I remember the Mel Brooks satire on Star Wars known as Spaceballs. In one scene, Dark Helmet’s ship undergoes “Ludicrous Speed”, which is an extreme version of light speed. I recently discovered just how fast Ludicrous Speed is. It is less than one and a half trillion kilometers a second! I’m surprise their engines did not overheat instantly!
For my new space opera story, I am thinking of doing a plot twist that will involve a heroic sacrifice. This sacrifice will decide the fate of an entire star system and potentially the interstellar government as a whole. Just thinking about it gives me chills and thrills at the same time.
I had an interesting thought for my third fantasy book. At some point in the story, the main character will do something that will cause his more pious subjects to rebel against him. I will be drawing inspiration from how Henry VIII changed the Church of England during the Reformation. Both my character and Henry VIII did things that would secure the future of their dynasty and the zealots in their kingdoms turned on them for it. Henry VIII tried to secure his dynasty by having a male heir no matter the cost. My character tries to secure his dynasty by rediscovering and utilizing long forgotten magical secrets that his more pious subjects consider dark and unnatural. Overall, I think this is going to be an intriguing concept to tinker with as I continue to write.
I am continuing a system that I started a year ago with my writing. Normally, I would write a story one chapter at a time from start to finish. Now, however, I am writing sections of the story that I had planned out in advance. That way, I won’t have to suffer from writer’s block and I can write as much as I want. Who knows? I might be able to apply this tactic when writing multiple books at the same time, which is something I don’t normally do.

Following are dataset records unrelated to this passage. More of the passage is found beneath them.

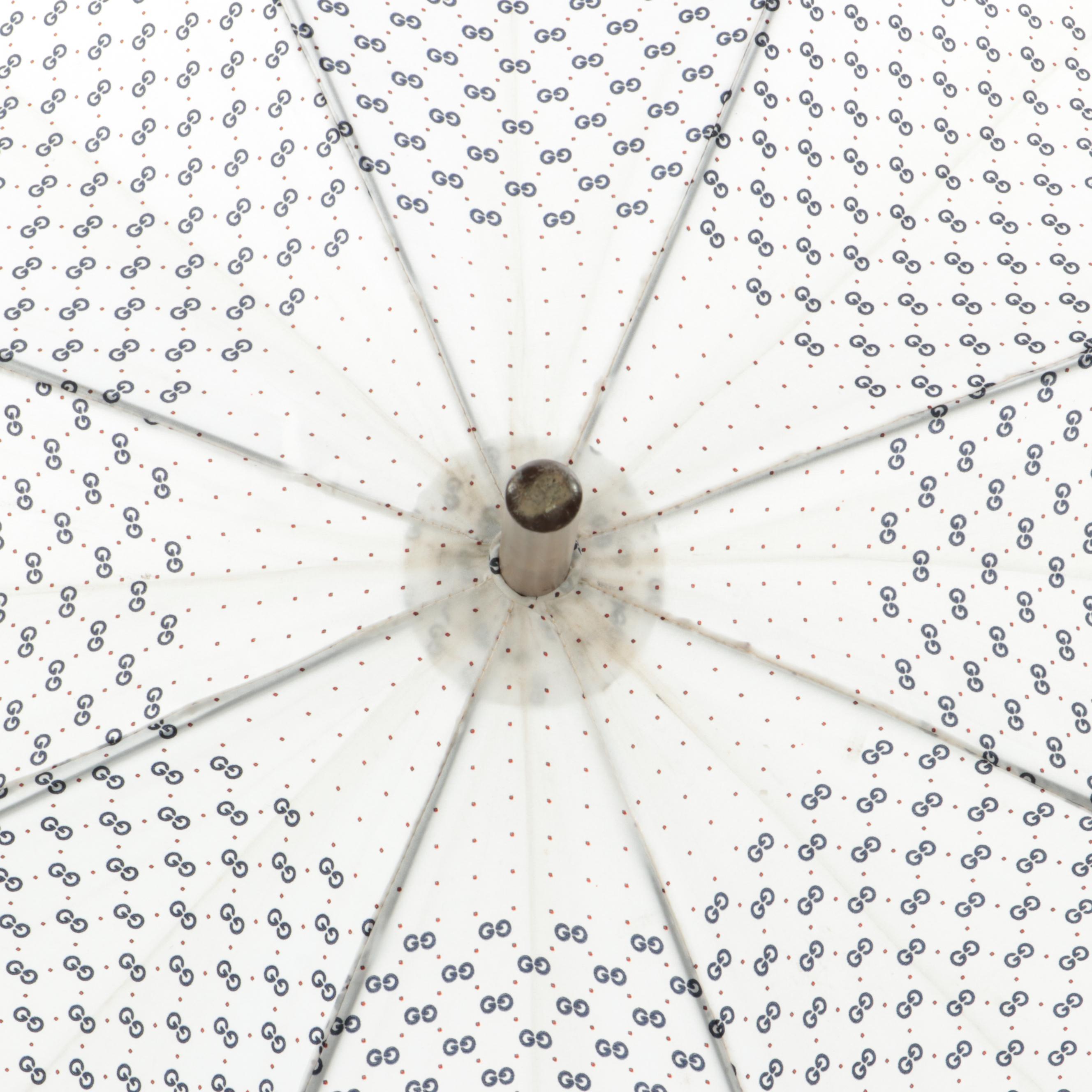 Gucci Wooden Umbrella in White-Blue-Red GG Print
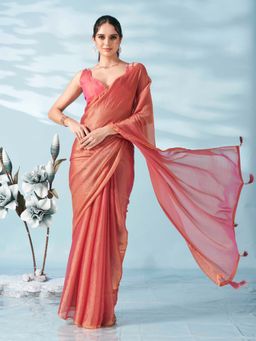 Tikhi Imli - Two Tone Pink Colored Satin Chiffon Saree With Unstitched Blouse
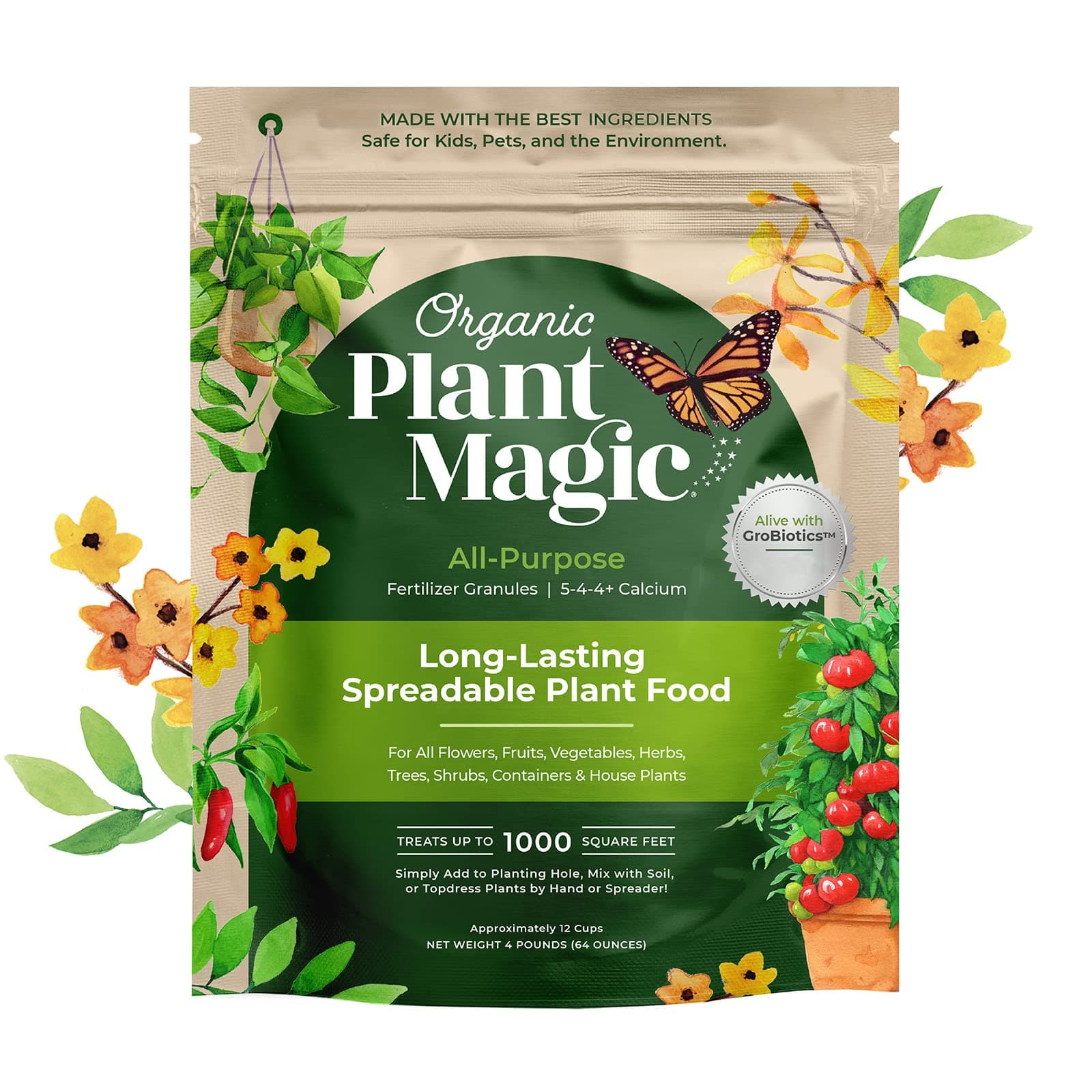 Organic Plant Magic - Truly Organic™ Slow Release Granular Fertilizer : Long-Lasting Plant Food Granules for All Indoor & Outdoor Flowers, Vegetable Gardens, Herbs, Fruit Trees, Shrubs, Lawns & House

As a devout Star Wars fan, I watched The Mandalorian show and I love it so far! The main character is like a space version of Clint Eastwood. In particular, the protagonist resembles the version of Clint Eastwood from The Unforgiven, who is a morally ambiguous gunslinger. I am glad that they brought back several things from the Old Expanded Universe in this show. For example, we got to see Beskar iron in live action for the first time. Beskar is an indestructible metal that not even lightsabers can cut through and Mandalorians often forge weapons and armor from it. The main character also displayed a trait that I like about Mandalorians: despite being battle-hardened warriors, Mandalorians have a soft spot for children. In the Old Expanded Universe, it was customary for Mandalorians to adopt orphaned children from battlefields and raise them as their own. As the old Mandalorian saying goes, “family is stronger than blood.” Apparently, the main character is continuing this age-old Mandalorian tradition by rescuing and adopting an infant from Yoda’s species. I also like how the show illustrates how some Imperials who were not assimilated into the First Order were reduced to being warlords and mercenaries, clinging on to whatever power and influence they could. I look forward to seeing how the show will progress because I am loving it so far. Hopefully, we will see the epitome of another Mandalorian saying, “a warrior is more than his armor.”
I thoroughly enjoy the film Sideways, which depicts two friends having a week-long stag party in wine country. Paul Giamatti plays a depressed, divorced, and struggling writer who is seeking to publish a book while undergoing a stressful time in his life. Thomas Haden Church plays a self-centered and impulsive actor who is past his prime. Throughout the movie, these two men get into all kinds of trouble, including one of them getting his face caved in. Even though there were scenes in this movie that are depressing to watch, there were many parts that were both funny and relatable. I would recommend this film to anyone who enjoys life stories and good humor.
I am thinking of one day engaging in traditional publishing. I haven’t done this since after I graduated from high school. I remember being rejected countless times, but I never let that stop me. Now that I have evolved as a writer and have come a long way since those days, I am thinking of getting in contact with big publishers one day. The main drawback I don’t like is that I have less control over the process, but the marketing and royalties will be much better than it is now. It is a long shot, but I am eager to fight to good fight one day. Wish me luck!